Senate Passes Community and Workforce Development Bill

Michael Sirotkin
Sen. Michael Sirotkin, D-Chittenden, chairman of the Senate Economic Development, Housing, and General Affairs Committee, said the Senate added $20 million in forgivable business loans. File photo by Mike Dougherty/VTDigger

The Vermont Senate on Thursday passed a sweeping bill to encourage community and workforce development that would allocate nearly $89 million to a range of initiatives, from paying people to move to Vermont to support for arts organizations affected by the pandemic.

The bill, H.159, now returns to the House to reconcile the differences.

The legislation has already been the target of criticism from Governor Phil Scott, who has sounded the alarm over the bill’s cut funding.

Scott’s spokesman Jason Maulucci said Thursday that it’s “too early to tell if the governor will sign off on the final product,” adding that “the bill currently pales in comparison to Scott’s proposed economic development agenda.” the Governor and as he deems necessary. ”

“The governor has proposed a $100 million plan to help grow the economy across the state, and particularly support rural areas that have experienced stagnation or decline over the past decade,” said Maulucci in an email to VTDigger. “They cut that necessary funding.”

Last year, the Legislature earmarked $10.5 million for the state’s Capital Investment Program, which provides grants to businesses and nonprofits for “transformative projects” that will encourage the investment and create jobs in every region of Vermont.

At a press conference on April 5, Economic Development Commissioner Joan Goldstein said her department had received 100 applications for $90 million in projects for child care centers, performance halls, museums, restaurants and breweries.

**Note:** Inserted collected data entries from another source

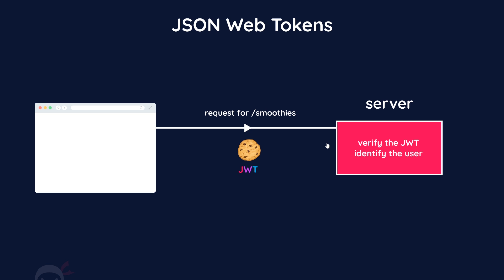This whole process of signing and verifying JWTs might sound a little bit complicated, but with the help of the JSON web token package that we're going to install soon, it's actually really easy to implement. Anyway, that's a bird's eye view of the authentication process that we'll be using with JWTs, and we'll start that process in the next video.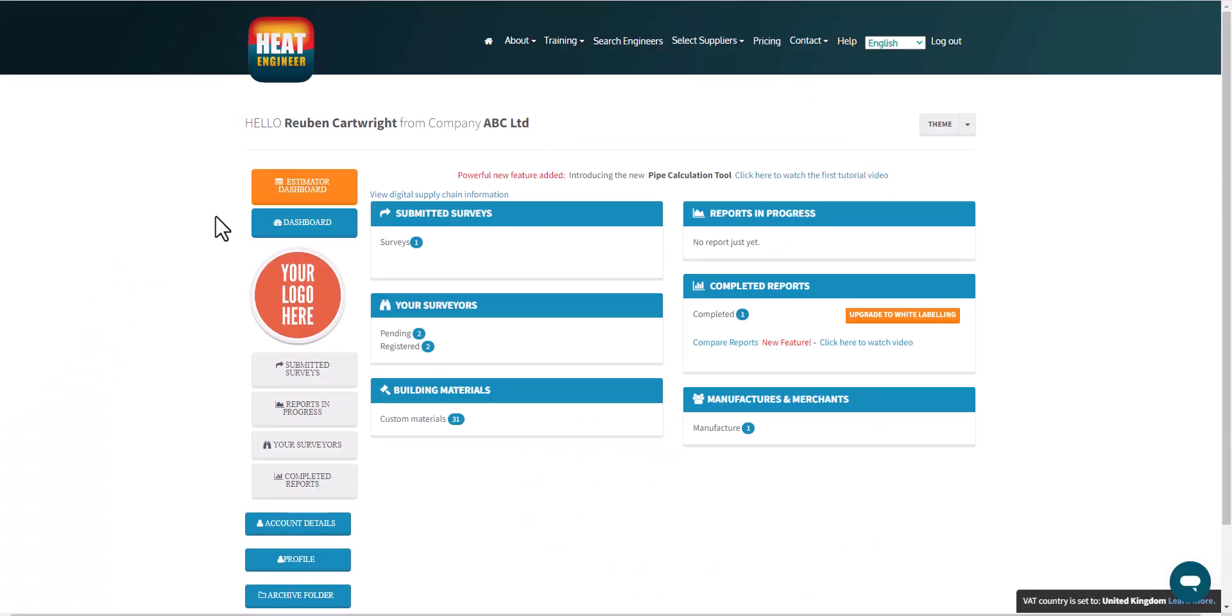So that's an introduction into the dashboard. And so the next video will be showing you submitted surveys, clicking into that, going through the various steps there.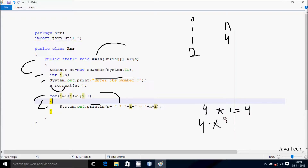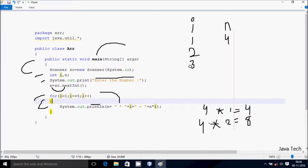I value is 2 this time. So 4 into 2, the value comes 8. So this time it displays 8. Hereafter I increase, so I is 3 now. Check the condition: 3 less than or equal to 5. Condition is true, that coincides.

So this year, Scott asked for an additional $50 million.

Sen. Michael Sirotkin, D-Chittenden, chairman of the Senate Economic Development, Housing, and General Affairs Committee, said the Senate added $20 million in forgivable business loans, which the governor requested.

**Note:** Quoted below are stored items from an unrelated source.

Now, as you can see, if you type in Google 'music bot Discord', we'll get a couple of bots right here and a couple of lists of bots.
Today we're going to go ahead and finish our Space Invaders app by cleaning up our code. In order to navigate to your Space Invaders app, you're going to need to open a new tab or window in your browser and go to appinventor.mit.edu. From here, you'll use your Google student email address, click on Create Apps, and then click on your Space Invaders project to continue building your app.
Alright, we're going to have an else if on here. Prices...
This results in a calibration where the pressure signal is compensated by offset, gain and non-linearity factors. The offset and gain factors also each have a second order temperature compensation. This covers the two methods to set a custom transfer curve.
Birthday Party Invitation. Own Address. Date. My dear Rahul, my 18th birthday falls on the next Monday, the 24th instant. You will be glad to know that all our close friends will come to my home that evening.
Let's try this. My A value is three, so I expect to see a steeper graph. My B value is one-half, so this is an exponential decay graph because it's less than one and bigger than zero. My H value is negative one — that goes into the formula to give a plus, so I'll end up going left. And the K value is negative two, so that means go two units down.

Sirotkin said he would also like to add a $50 million federal tax cut for small businesses. The Senate Finance Committee will hear additional testimony on the proposal, and Sirotkin said it could still make its way into law.

Among other changes, Senate lawmakers amended the guidelines of a previous version of the bill for the state’s worker relocation program. In its current form, it would reimburse up to $5,000 for people who move to Vermont, and up to $7,500 if they move to an area with higher unemployment than the state as a whole or where average wages are lower than those of the state. a set.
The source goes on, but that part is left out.